Below are records with pictures in them. Output exactly the lines from the one with "Maison La Balme" through the one with "140 Norris Drive — Salisbury", both included, and leave every picture out; give only those lines.

> **DATA LISTING**:
☆ ☆ ☆

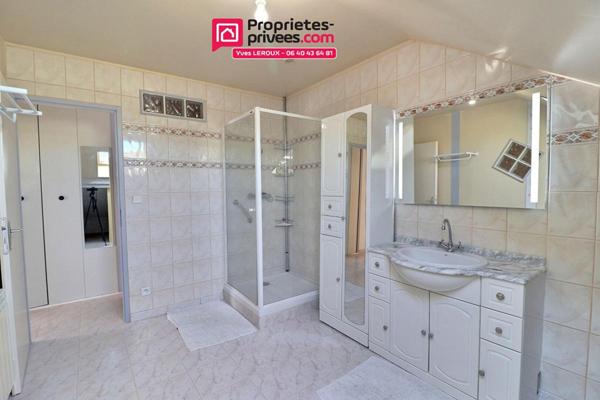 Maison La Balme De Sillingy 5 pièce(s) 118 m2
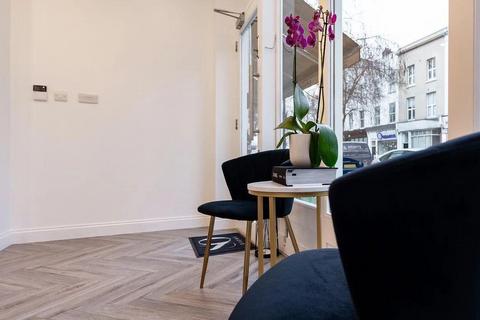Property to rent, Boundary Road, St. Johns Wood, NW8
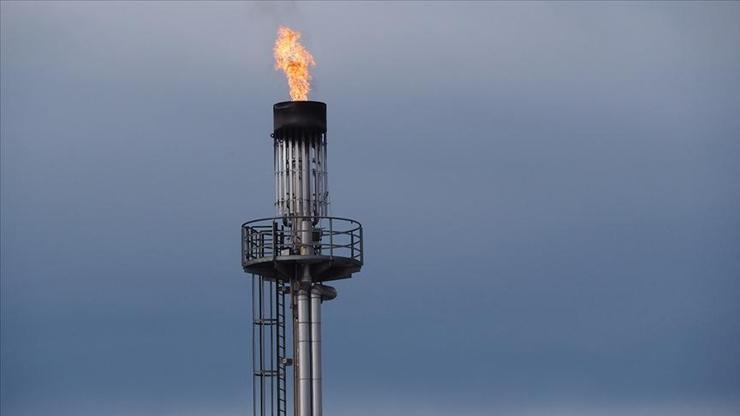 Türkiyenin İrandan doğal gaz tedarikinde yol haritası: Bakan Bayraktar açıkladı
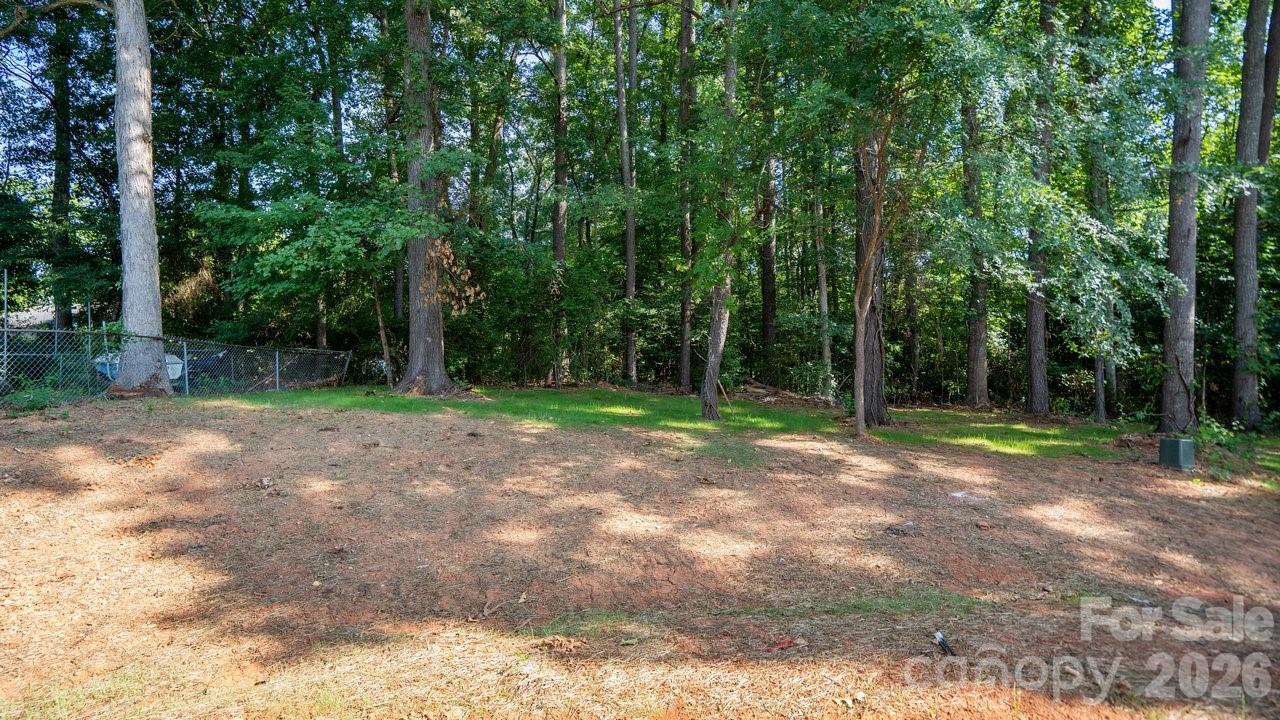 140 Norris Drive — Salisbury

☆ ☆ ☆

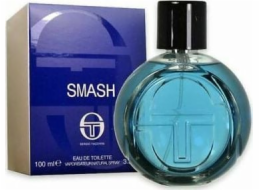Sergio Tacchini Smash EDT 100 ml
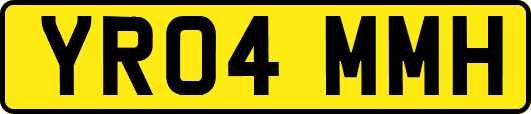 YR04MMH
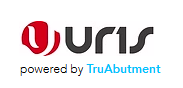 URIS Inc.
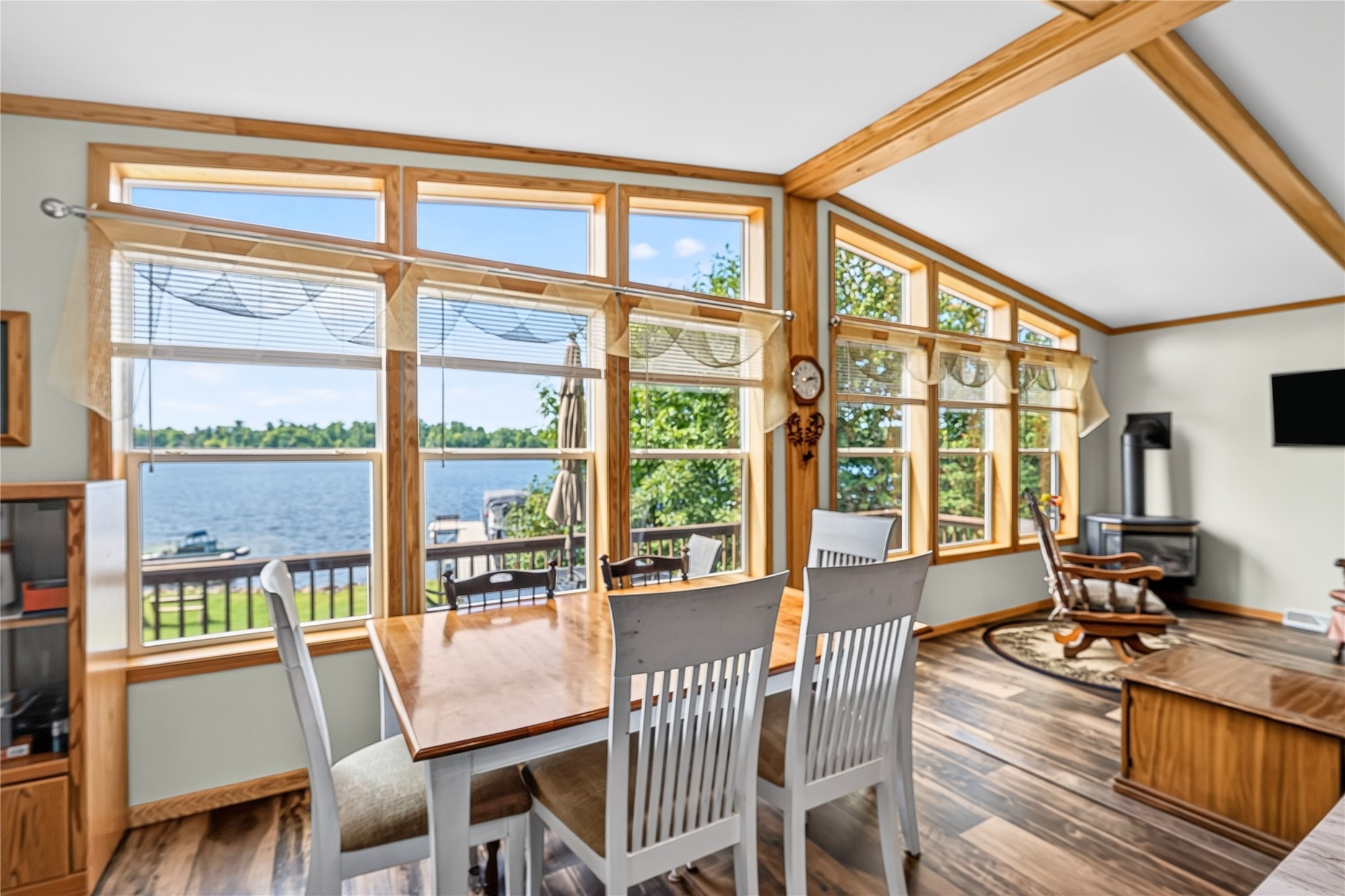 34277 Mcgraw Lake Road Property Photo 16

☆ ☆ ☆

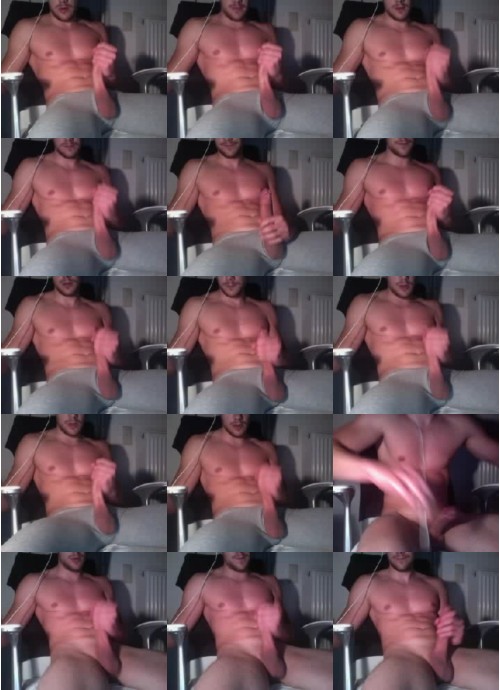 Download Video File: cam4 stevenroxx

☆ ☆ ☆

> **ANSWER FOR THIS EXERCISE**:
 Maison La Balme De Sillingy 5 pièce(s) 118 m2
Property to rent, Boundary Road, St. Johns Wood, NW8
 Türkiyenin İrandan doğal gaz tedarikinde yol haritası: Bakan Bayraktar açıkladı
 140 Norris Drive — Salisbury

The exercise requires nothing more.